Creating external data flows
External Data Flow (EDF) is a rule for defining the flow of data on the graphical canvas and executing that flow on an external system. With EDF, you can run predictive analytics models in a Hadoop environment and utilize its infrastructure to process large numbers of records to limit the data transfer between Hadoop and the Pega Platform.
- External Data Flow rules - Completing the Create, Save As, or Specialization form
- Data flow tab on the External Data Flow form
Through an external data flow (EDF), you can sequence and combine data based on an HDFS data set and write the results to a destination. The sequence is established through a set of instructions and execution points from source to destination. Between the source and destination of an external data flow, you can apply predictive model execution, merge, convert, and filter instructions.
- Configuring YARN settings
Configure the YARN Resource Manager settings to enable running external data flows (EDFs) on a Hadoop record. When an external data flow is started from Pega Platform, it triggers a YARN application directly on the Hadoop record for data processing.

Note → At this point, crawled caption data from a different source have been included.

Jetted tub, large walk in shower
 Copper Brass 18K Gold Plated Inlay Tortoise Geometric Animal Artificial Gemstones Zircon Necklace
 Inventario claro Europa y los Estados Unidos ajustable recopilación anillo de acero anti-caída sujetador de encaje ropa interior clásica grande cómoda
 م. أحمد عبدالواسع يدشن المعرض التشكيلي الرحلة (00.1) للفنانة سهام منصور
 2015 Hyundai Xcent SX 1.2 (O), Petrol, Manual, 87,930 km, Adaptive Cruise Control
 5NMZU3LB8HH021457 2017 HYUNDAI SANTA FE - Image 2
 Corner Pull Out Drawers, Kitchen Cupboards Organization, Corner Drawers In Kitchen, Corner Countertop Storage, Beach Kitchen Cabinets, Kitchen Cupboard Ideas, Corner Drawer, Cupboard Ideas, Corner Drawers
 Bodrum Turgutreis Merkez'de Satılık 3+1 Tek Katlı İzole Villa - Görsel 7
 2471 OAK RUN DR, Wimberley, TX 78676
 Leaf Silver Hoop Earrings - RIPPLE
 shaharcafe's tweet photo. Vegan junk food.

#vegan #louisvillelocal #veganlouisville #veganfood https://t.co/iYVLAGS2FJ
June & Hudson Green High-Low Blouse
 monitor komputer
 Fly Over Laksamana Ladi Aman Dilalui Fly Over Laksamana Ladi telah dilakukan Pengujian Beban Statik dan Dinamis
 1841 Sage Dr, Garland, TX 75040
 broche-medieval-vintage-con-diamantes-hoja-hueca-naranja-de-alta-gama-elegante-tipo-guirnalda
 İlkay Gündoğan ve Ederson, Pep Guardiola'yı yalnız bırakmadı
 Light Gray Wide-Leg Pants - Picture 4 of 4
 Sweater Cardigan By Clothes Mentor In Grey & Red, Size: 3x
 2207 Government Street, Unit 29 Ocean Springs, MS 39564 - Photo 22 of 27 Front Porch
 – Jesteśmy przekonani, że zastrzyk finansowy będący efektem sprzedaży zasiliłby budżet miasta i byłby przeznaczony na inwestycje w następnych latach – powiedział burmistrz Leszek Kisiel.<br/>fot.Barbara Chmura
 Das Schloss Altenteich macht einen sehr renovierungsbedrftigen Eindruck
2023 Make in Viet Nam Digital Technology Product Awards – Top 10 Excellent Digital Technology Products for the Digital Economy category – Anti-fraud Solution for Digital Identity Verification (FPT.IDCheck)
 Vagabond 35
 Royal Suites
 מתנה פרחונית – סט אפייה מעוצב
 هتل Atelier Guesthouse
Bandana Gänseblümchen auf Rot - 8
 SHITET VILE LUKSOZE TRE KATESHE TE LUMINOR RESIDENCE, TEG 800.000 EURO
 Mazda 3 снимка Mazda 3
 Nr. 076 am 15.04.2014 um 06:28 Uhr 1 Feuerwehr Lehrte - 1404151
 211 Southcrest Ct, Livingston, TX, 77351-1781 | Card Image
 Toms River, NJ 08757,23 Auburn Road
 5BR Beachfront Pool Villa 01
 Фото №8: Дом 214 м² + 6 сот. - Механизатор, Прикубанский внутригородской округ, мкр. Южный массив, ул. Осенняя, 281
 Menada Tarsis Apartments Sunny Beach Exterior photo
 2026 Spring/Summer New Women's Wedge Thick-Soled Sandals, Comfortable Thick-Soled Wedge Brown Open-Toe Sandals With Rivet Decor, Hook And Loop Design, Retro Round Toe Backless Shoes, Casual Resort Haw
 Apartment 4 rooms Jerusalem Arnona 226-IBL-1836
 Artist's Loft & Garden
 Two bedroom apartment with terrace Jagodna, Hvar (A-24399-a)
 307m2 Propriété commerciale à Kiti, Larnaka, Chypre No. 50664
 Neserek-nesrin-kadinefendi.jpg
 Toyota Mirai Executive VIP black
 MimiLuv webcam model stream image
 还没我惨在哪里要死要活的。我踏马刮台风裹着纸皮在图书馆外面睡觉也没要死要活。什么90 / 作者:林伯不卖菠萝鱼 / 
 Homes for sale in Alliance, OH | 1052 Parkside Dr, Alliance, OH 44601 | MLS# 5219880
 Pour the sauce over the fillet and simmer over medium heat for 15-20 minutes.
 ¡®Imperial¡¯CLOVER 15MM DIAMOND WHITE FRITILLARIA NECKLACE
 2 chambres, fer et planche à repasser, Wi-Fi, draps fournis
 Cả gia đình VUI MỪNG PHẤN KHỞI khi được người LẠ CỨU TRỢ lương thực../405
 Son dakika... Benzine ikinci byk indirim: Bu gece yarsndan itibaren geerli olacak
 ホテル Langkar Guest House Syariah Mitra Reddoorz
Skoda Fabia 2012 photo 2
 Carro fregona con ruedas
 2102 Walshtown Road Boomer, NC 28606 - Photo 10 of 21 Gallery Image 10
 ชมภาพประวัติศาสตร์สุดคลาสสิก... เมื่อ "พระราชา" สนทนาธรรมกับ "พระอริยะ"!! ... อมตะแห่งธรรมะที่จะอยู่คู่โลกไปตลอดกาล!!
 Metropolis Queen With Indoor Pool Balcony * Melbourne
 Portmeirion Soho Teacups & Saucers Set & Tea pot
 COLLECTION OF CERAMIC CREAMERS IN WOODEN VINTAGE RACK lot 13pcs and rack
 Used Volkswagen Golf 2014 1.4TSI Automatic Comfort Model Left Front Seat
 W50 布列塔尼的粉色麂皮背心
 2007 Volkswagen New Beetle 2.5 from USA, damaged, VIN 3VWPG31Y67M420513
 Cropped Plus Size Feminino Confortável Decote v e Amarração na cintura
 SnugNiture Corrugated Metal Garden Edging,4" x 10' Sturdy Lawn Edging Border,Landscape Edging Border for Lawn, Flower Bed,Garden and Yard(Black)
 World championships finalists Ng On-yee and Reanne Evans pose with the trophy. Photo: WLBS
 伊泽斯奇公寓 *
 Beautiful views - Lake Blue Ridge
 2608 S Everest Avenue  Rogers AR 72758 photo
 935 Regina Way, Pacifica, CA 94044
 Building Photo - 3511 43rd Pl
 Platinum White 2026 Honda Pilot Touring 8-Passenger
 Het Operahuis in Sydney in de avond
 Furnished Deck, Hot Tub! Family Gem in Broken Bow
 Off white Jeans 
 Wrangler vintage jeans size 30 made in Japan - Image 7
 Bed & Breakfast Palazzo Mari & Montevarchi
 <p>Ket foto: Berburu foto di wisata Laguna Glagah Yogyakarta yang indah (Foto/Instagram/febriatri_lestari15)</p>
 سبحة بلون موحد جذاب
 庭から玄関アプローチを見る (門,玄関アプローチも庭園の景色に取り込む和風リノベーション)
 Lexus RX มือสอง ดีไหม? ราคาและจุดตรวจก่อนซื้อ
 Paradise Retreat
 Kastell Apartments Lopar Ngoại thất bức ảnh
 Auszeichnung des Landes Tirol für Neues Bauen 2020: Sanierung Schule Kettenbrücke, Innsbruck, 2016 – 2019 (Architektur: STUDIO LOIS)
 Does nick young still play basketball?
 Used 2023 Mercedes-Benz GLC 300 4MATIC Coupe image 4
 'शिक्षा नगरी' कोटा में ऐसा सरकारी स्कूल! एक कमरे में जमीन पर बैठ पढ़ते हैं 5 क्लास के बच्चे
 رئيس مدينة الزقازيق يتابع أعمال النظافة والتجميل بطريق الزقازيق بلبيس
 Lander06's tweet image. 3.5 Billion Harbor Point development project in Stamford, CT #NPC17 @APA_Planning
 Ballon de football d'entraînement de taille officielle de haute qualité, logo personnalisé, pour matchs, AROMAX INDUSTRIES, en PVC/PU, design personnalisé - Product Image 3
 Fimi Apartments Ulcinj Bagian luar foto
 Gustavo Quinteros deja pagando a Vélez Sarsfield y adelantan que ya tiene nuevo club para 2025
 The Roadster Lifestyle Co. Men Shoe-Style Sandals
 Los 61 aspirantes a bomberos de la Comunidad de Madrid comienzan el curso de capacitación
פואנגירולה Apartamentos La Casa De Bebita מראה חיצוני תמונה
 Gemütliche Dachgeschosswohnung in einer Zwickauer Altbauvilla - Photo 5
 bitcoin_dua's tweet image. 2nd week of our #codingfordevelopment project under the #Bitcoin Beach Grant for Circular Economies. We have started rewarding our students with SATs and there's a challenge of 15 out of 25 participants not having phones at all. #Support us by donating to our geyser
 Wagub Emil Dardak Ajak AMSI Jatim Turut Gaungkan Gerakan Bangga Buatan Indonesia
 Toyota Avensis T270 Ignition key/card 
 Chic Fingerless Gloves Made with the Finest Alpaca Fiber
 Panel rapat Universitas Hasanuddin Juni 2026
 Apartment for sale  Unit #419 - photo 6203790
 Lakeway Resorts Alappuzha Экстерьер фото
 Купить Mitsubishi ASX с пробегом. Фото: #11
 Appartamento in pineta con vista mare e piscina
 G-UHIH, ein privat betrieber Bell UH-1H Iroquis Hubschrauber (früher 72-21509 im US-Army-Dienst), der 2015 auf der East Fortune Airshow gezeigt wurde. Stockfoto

- Configuring run-time settings
You can apply additional JAR file resources to the Hadoop record as part of running an external data flow. When you reference a JAR resource file in the Runtime configuration section, the JAR file is sent to the working directory of the Hadoop record as part of the class path each time you run an external data flow. After an external data flow finishes, the referenced resources are removed from the Hadoop.